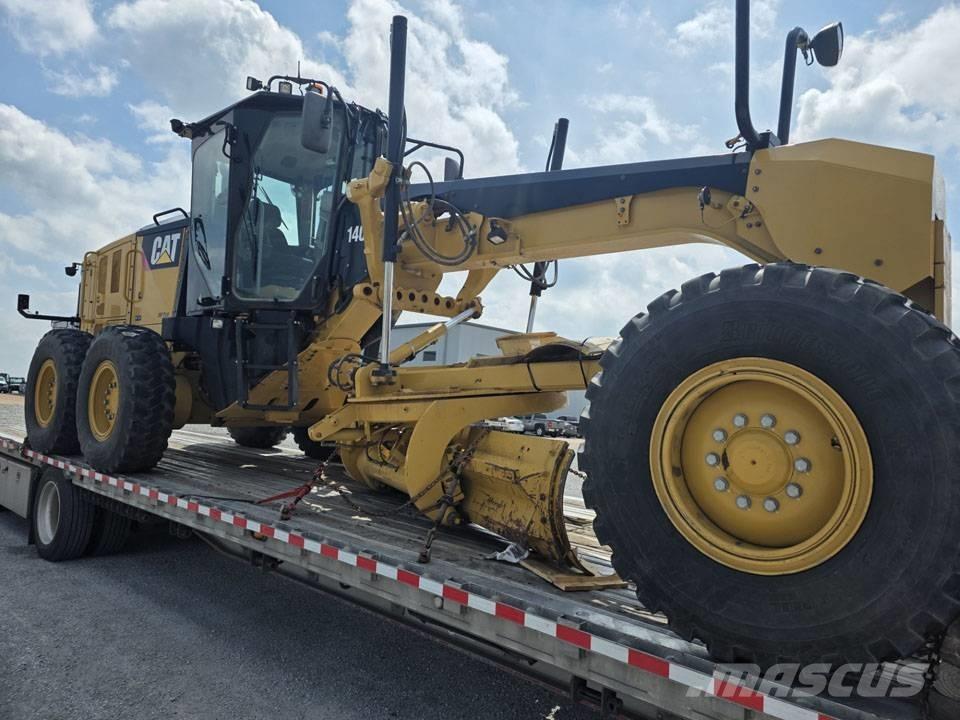 CAT 140 M 2 Greideriai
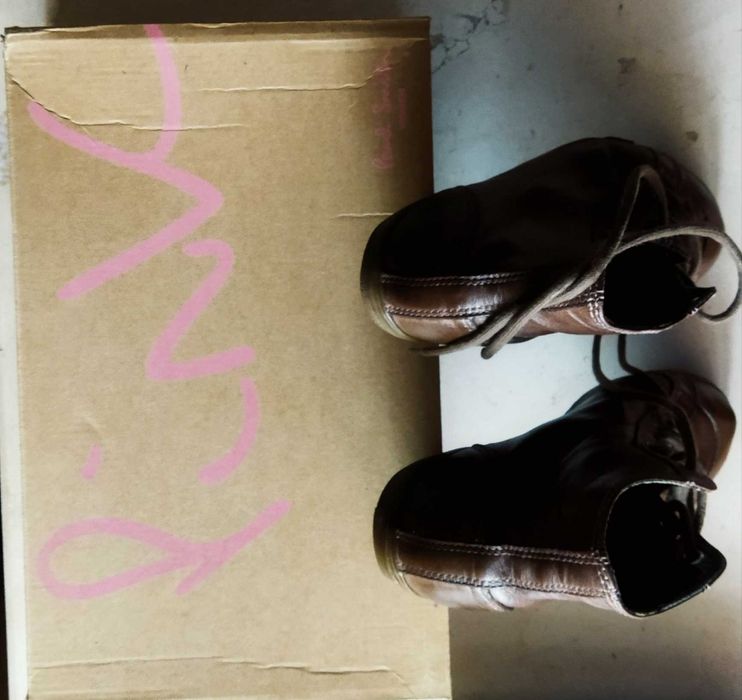 Botas camel/castanhas, unissexo, marca Paul Smith, 37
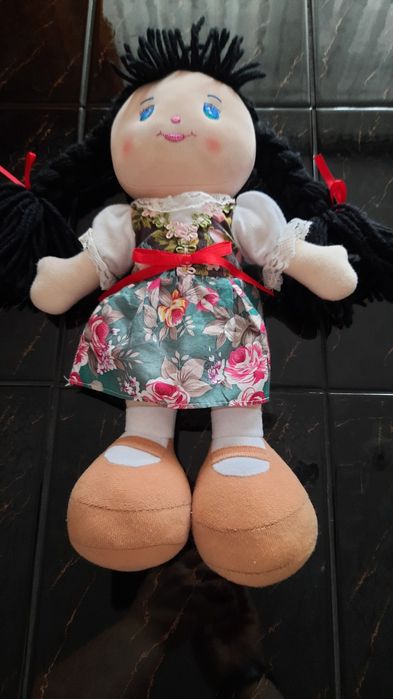 Lalka przytulanka góralka 36 cm.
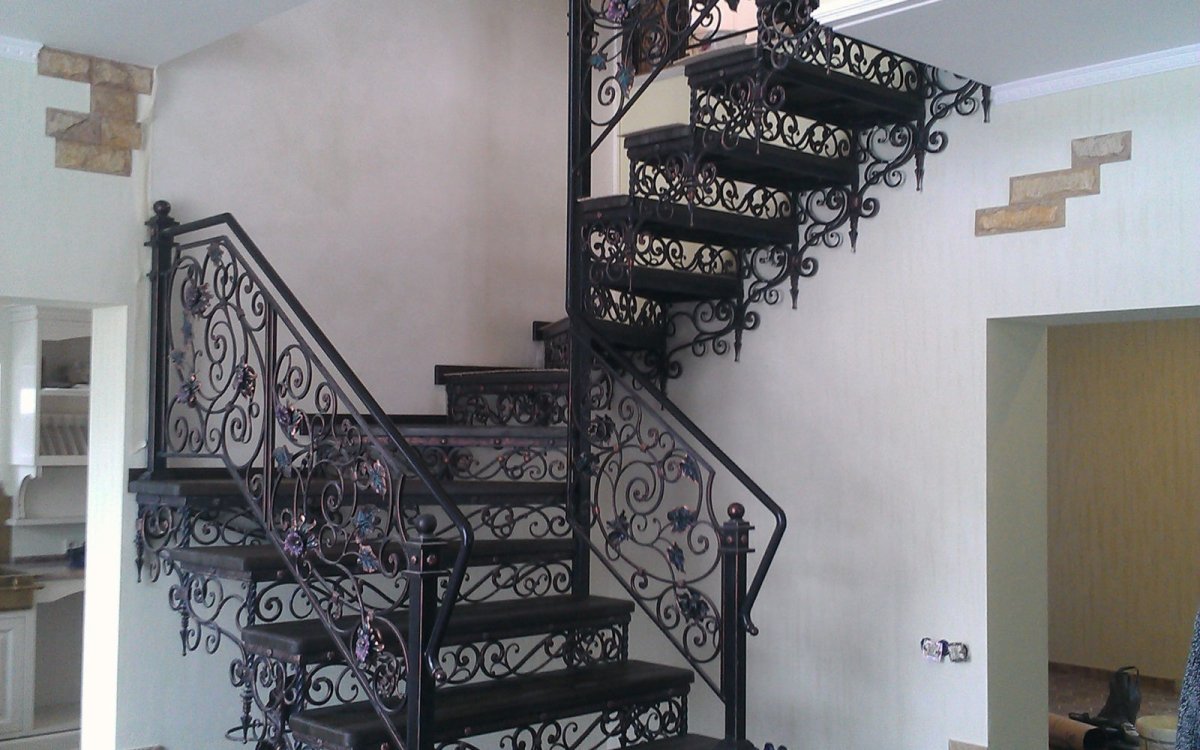 Кованые лестницы для дома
============================================================
About this exercise |
None of the pictures should be carried over when the data above is transcribed exactly.

Solved problem |
 CAT 140 M 2 Greideriai
 Botas camel/castanhas, unissexo, marca Paul Smith, 37
 Lalka przytulanka góralka 36 cm.
 Кованые лестницы для дома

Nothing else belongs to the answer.